Rekenthaler: I think we could fairly say it's not different this time, and in fairness, I was wondering this in 2009 myself when I got these questions about, is buy-and-hold dead. I'd say, I don't think so. When I got the statement, buy and hold is dead, what should we do differently? I would ask back, why is 2009 different than 2007 or 1999 or 1989 or 1979? Yes, we just did have a terrible crash in 2008, one that, of course, I didn't anticipate and I was surprised by that, shocked by that, my portfolio was hurt by that, I didn't enjoy it, etc. But that didn't mean that the rules were now different.

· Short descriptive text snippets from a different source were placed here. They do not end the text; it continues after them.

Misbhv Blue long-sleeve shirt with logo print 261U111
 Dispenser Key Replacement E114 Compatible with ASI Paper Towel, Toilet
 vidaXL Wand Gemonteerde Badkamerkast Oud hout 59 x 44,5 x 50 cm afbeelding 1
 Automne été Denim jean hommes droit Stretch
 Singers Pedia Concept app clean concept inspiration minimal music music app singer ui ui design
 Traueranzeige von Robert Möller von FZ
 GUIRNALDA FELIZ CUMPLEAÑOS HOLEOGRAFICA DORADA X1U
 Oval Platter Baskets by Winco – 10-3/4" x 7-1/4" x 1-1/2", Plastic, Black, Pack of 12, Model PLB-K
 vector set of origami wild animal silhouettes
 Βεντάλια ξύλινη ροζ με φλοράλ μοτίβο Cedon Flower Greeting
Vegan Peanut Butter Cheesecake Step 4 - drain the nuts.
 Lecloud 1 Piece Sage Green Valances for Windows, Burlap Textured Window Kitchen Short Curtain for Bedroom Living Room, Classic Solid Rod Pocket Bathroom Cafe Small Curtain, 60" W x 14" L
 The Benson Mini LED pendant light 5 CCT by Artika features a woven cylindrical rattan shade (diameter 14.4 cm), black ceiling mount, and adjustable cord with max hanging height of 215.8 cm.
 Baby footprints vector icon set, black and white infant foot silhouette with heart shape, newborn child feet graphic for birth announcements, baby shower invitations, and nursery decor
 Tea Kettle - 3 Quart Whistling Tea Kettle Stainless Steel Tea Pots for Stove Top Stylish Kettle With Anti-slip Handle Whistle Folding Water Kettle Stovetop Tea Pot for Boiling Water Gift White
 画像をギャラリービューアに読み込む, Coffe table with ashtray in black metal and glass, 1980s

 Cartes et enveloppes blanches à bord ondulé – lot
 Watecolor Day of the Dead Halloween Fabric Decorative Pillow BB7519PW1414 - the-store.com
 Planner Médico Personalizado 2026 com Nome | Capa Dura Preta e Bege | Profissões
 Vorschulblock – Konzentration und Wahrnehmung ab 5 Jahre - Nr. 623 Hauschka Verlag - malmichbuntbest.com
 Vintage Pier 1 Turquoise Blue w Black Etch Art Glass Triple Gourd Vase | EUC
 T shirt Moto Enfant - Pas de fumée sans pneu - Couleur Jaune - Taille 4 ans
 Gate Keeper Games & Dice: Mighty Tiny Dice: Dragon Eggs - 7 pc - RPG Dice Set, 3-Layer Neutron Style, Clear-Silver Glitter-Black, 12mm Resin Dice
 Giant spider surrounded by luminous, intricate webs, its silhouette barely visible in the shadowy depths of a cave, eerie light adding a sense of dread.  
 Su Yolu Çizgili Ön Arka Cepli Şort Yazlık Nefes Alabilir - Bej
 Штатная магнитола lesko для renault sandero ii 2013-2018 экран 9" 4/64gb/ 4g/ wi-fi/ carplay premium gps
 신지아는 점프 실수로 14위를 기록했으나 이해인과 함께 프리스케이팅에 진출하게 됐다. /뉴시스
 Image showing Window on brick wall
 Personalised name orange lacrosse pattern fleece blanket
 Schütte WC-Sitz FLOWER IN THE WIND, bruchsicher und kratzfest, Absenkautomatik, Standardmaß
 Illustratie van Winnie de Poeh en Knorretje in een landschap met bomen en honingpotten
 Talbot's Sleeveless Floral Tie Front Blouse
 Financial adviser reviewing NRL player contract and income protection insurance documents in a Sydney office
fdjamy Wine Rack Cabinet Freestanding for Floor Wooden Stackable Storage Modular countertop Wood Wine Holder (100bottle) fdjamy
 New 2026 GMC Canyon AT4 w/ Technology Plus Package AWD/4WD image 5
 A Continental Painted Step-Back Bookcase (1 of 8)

I really think that it was an emotional response, the notion that this time is different, that people were not able to distance themselves from the true shock and surprise that almost all of us had. It became something that sounded appealing. It felt like the right thing to do. It felt like it was prudent now after this crash that was just so different than anything that had happened in the market. It was much worse than 1987, which I had been around for. You have to go back to the early 1970s. So really it was 35 years before that previously had we encountered something as rocking and shattering as [2008]. I think when you step back, and we're able to do so now four years later or little more, and look at it dispassionately and say, where did that come from? Where is the defense for that? Why would the strategies that worked throughout our lifetimes … stop working at that period in time?
Stipp: John, I think the other issue with saying buy-and-hold is dead is that buy-and-hold means different things to different people. I've heard Scott Burns from Morningstar often say the missing element when you talk about buy-and-hold that's actually often used in practice is buy-and-hold, and also rebalance. So that, in a sense, when you're rebalancing, you are selling some of the winners, you are buying some of the losers, what Christine Benz calls "tactical-lite," but that rebalancing piece, which is so often part of a buy-and-hold investors' process, isn't part of that buy-and-hold statement usually when it's mentioned by itself.
Rekenthaler: That's a good point. I'm using it in fairly general terms. Buy-and-hold with rebalancing is really what I do intend, and that's the preferable way to do it. But frankly, buy-and-hold without rebalancing is a whole lot better, in my view, than when you get away from buy-and-hold and you start to get into the notion of, I am really going to adjust my portfolio's stock exposure in a top-down and mechanical, signal-driven way, because I think I can outsmart the market in doing that.
If somebody can do it, and they can have a public track record, let them do it. I haven't seen it. So, that would be a fund purchase that would have to be done on faith, and I don't think we should be bringing faith into our investments. [Faith is for] other places.
Stipp: All right, John. A very interesting history lesson and context on buy-and-hold investing versus the many different types of market-timing and asset allocation strategies we've seen over the years. Thanks for joining me.
Rekenthaler: Thank you, Jason.
Stipp: For Morningstar, I'm Jason Stipp. Thanks for watching.